В молодости М.Х. чем-то неуловимо походил на Чарли Чаплина. Его мальчишки так и дразнили, он носил усы «бретелькой» и нарочно ходил чаплиновской походкой. Много позже кинорежиссер, снимая документальный фильм «Волшебник зеленого мира», сказал, глядя на папин волевой подбородок: «Вы – мой Жан Габен». Так М.Х сделал самую невероятную карьеру в кино: от Чарли Чаплина до Жана Габена.

Папа никогда не признавал за собой свои года, всегда считал себя молодым. Он делил человеческий возраст на несколько периодов: детство (от 0 до 21), первая молодость (от 21 до 35), вторая молодость (от 35 до 50), зрелость (от 50 до 70). А потом, потом-то уже точно старость, да? Нет, потом следует мудрость.

В живописи М.Х. любил целостность образа. После выставки Минаса сказал: «Лучше всех написал своих родителей: Маму и Папу». Действительно, тут была и патриархальность и бережность в воспроизведении человеческого облика. Про себя говорил так: «Не столь красив, сколь симпатичен и мужествен».

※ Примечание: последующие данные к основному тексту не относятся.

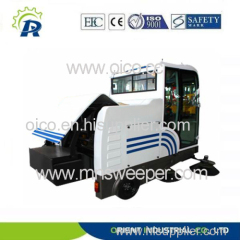 Dust cleaner vehicle self discharge electric industrial sweeper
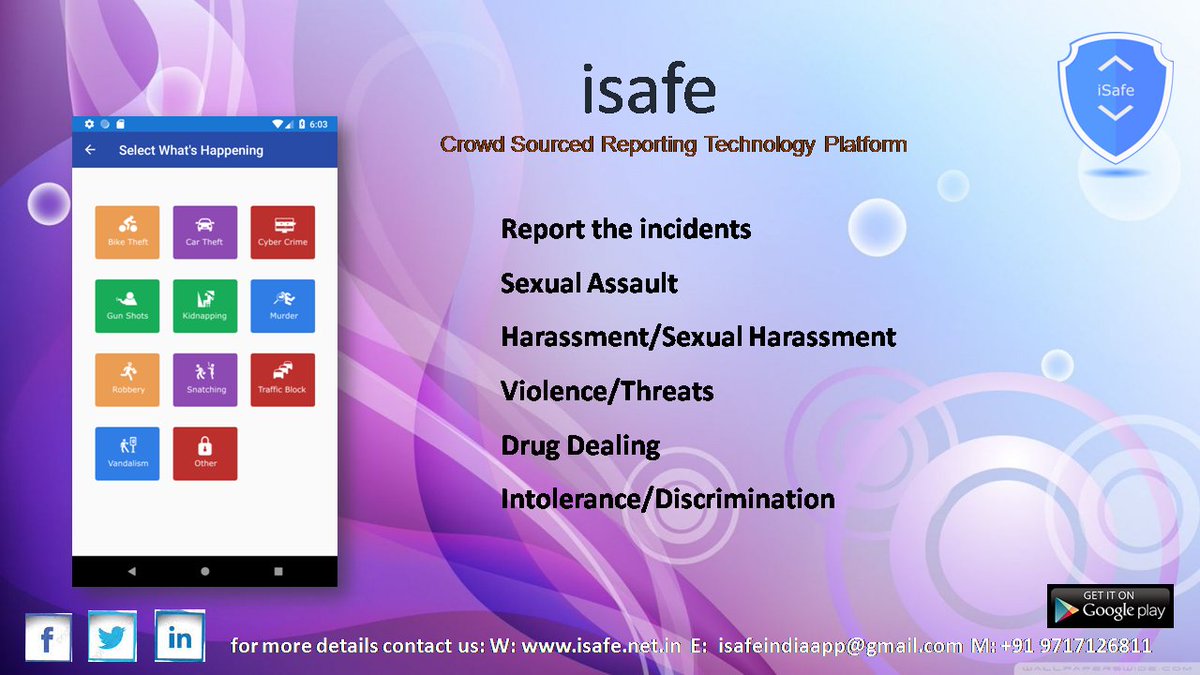iSafe23040885's tweet photo. Download from Google Play Store https://t.co/F8WbNHGzx9
visit our website https://t.co/S8UUivXrLH
Write us on,
isafeindiaapp@gmail.com
#safetyculture #reportingapplications #reportingtool #iSafe #isafepersonalsafetyapp #safetyfirst #safety #safetyandsecurity #safetyconsulting https://t.co/udAnrqIany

Папа очень любил Булгакова «Белую гвардию». В Киеве мы вместе бегали смотреть на Андреевском спуске тот дом, в котором жили Турбины, и искали ту щель, в которую Николка спрятал револьвер. Но «Мастера и Маргариту» не признавал. «Когда герой отрывается от земли – тут все и кончается.» Имел ввиду достоверность и доверие к автору. Интересно, что, в своих детских снах, когда его нагоняли какие-то враги, он просто поднимал большой палец вверх и взлетал. И бывал спасен. Творчество сновидчества признавал, а так оставался верен земному притяжению.